Robert returns to retrieve his gear and finds Cathy sitting in the corner of the windowseat. The sky is bright with early morning light, and beyond the shattered houses, the vista toward the river is broken only by a church steeple. The high walls and smoking chimneys are gone. Robert opens the window, letting in the sounds of the city. A clock strikes 5. He turns to look at Cathy, saying “Well, you've certainly got the view you always wanted.”

“Miles and miles of it,” she replies. “But oh Robert, the desolation.”

“Poor old London,” he says, looking out the window. “Well, we'll just have to build it up again. That's all.”

“It will take years and years,” Cathy says, her eyes on him.

He reaches out to put his hand on hers, and then turns toward her, saying “Well, what does that matter? We're young.” Cathy lifts her head to meet him, and they embrace passionately.

==Cast==

- Robert Donat as Robert Wilson
- Deborah Kerr as Catherine Wilson
- Glynis Johns as Dizzy Clayton
- Ann Todd as Elena
- Roland Culver as Richard
- Elliott Mason as Mrs. Hemmings (uncredited)

Cast notes
- Deborah Kerr made her MGM debut in this film. MGM had purchased half of her contract after her performance in Michael Powell and Emeric Pressburger's The Life and Death of Colonel Blimp, in which she played three roles. MGM studio boss Louis B. Mayer is supposed to have said "That girl's a star" upon seeing her performance in Perfect Strangers, and she was soon an established MGM property.
- This was Robert Donat's last film for MGM.
- Roger Moore made his uncredited film debut in Perfect Strangers.

==Production==
Perfect Strangers was meant to be the first of a number of British-made co-productions between Alexander Korda and M-G-M. Other proposed projects included Lottie Dundass with Vivien Leigh from a story by Edith Bagnold, a biopic of Robert Louis Stevenson starring Robert Donat, a version of War and Peace directed by Orson Welles and starring Korda's wife, Merle Oberon, and an untitled Carol Reed project. Perfect Strangers was meant to star Donat and Oberon but by December 1943 Oberon had been replaced by Deborah Kerr as Oberon was still in the U.S. Wesley Ruggles was to come from Hollywood to direct.

By March 1944, the film was about to start filming at Denham Studios. Korda announced he would now make only one to three films per year, compared to the 12 to 16 he had previously intended to make.

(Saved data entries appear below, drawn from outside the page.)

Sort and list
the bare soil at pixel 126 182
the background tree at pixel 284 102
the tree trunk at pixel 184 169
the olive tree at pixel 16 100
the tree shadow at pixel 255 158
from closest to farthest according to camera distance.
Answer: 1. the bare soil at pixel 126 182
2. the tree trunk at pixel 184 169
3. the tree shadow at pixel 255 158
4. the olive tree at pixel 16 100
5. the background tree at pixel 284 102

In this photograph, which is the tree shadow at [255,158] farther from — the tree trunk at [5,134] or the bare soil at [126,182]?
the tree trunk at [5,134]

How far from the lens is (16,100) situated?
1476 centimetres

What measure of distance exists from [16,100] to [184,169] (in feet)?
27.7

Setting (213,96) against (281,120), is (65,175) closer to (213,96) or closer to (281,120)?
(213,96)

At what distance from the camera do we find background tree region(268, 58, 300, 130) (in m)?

Shooting did not begin until May. The delay had come about for several reasons: the script was constantly rewritten to account for changes in the war, Ruggles fell ill with the flu shortly after he arrived in England, and Donat was involved in a play. Then Donat fell ill and Ruggles left the project after an argument with Korda. It was the first feature Korda had directed since Rembrandt. As they set to work, Korda called the film an "allegory of England"; Donat said: "It's a lyrical comedy – we hope."

The film did some location shooting in Scotland, but was shot primarily in London.

No subsequent films came from the agreement, because Korda bristled at being bossed around by MGM's head of production, Louis B. Mayer.

==Reception==
===Box office===
Perfect Strangers was a commercial success in both the UK and the US. It was one of the bigger hits at the British box office in 1945, ranked 22nd according to Kinematograph Weekly.

===Critical===
In the New York Times, Bosley Crowther wrote the script was an intelligent treatment of "the simple and leisurely story" and the leading actors "excellent as the principals, who find that love, like devastated London, can be rebuilt". He wrote that Korda's direction "tells an oft-told tale but tells it easily and well".

==Accolades==
Clemence Dane won an Academy Award for Best Original Motion Picture Story.